Against that background, it is necessary to have a period between Sinn Fein speaking the words of support for the police and showing that it is prepared to practise support for the police and encourage others to do so. That is why the timetable set down by the Secretary of State in the Bill is unrealistic. If he wants Sinn Fein to make a declaration within a certain period, I am prepared to listen to him, but as he has not been prepared to say when that process starts, he cannot expect the democratic parties to live by a time by which he says the process has to end. We must have a period for that testing process.

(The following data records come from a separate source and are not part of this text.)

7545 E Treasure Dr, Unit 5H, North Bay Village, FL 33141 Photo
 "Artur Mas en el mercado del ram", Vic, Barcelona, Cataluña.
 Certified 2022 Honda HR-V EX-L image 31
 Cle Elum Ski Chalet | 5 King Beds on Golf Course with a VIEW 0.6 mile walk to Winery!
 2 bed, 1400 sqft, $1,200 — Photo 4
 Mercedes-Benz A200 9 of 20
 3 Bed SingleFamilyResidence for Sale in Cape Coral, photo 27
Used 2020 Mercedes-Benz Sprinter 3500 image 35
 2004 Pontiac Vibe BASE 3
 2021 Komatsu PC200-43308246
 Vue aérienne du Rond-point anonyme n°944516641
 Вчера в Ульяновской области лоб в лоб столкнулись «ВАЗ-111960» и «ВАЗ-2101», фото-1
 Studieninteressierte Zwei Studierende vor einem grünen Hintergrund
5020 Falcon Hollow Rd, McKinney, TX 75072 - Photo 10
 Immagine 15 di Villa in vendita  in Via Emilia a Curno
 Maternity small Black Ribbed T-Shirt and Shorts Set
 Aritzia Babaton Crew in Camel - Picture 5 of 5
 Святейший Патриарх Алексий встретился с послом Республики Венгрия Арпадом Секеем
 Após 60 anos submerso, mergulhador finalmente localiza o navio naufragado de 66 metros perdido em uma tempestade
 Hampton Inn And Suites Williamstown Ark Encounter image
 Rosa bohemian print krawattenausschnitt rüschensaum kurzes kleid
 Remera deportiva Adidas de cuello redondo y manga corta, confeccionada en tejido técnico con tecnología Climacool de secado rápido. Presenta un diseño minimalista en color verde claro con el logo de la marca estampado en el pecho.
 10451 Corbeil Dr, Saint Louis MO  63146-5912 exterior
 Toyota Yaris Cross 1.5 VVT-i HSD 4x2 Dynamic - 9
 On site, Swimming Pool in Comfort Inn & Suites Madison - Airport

I am still not clear about the position of the hon. Member for North Down (Lady Hermon). She is right to say that people in Northern Ireland want devolution and want to move away from the cynical way in which we have been governed, whereby things have been done to blackmail, bribe or bully people, even if those were not good policies and utterly contrary to the policies that the Government operate in other parts of the United Kingdom. Of course people want to move away from that so that we can make our own decisions in Northern Ireland through a devolved Assembly, but we cannot afford to ignore the requirement that the parties that will engage in that activity must have a clear-cut position on the police. The hon. Lady did not make it clear whether she believes that it is more important to have devolution or to have all the parties involved in devolution signed up to policing. If it is the latter, she should have no difficulty with the moving of the deadlines and dates.